Copy each line of the listing where the word "with" can be found.

DATASET EXCERPT —
------------------------------------

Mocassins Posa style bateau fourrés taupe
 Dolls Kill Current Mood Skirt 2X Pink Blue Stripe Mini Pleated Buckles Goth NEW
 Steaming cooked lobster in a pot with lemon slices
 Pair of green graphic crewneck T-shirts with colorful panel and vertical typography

------------------------------------

RESPONSE BELOW —
 Steaming cooked lobster in a pot with lemon slices
 Pair of green graphic crewneck T-shirts with colorful panel and vertical typography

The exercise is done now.